Unica scelta discutibile è stata l’introduzione di un intervallo non previsto, trattandosi di atto unico, che ha spezzato il frenetico susseguirsi degli eventi.
Il maestro Francesco Ommassini ha diretto un’orchestra dei Pomeriggi Musicali in forma tutt’altro che smagliante –fiati in primis- staccando dei tempi abbastanza lenti che hanno appesantito non di poco il clima di farsa. La proverbiale lucentezza rossiniana non ha trovato in questa concertazione un adeguato riscontro.
Appropriato il cast vocale che ha visto in Bianca Tognocchi una Giulia corretta e vocalmente ben impostata, seppur limitata nel volume. La cantante è spigliata ed il personaggio è adeguatamente reso, tuttavia le manca quel peso sulla scena che la renda vera protagonista.
Laura Verrecchia è una Lucilla dotata di un bel timbro e di un’emissione fluida. Dell’intero cast è forse quella che meglio di tutti ha assecondato le intenzioni del regista e, grazie anche ad una buona dose di autoironia, ha creato il personaggio più azzeccato.
Sul versante maschile è emerso per maturità vocale e scenica il Blansac di Leonardo Galeazzi, cui meritatamente è stata aggiunta l’aria “Occhietti miei vezzosi” all’inizio della seconda parte.
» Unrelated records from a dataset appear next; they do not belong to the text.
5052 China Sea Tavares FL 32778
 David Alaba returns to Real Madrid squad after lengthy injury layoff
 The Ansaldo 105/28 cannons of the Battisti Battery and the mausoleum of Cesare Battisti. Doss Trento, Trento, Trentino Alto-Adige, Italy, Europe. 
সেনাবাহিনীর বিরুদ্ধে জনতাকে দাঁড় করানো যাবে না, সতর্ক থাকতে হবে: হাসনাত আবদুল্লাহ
Meno brillante ed incisivo anche se dotato di un adeguato strumento vocale il Dorvil di Francesco Brito.
Ben cantato e ben recitato nella sua caratterizzazione di cameriere filippino il Germano di Filippo Fontana. Apprezzabile, nonostante l’esiguità del ruolo, anche il Dormont di Manuel Pierattelli.
Al termine applausi convinti da parte del pubblico che riempiva il teatro.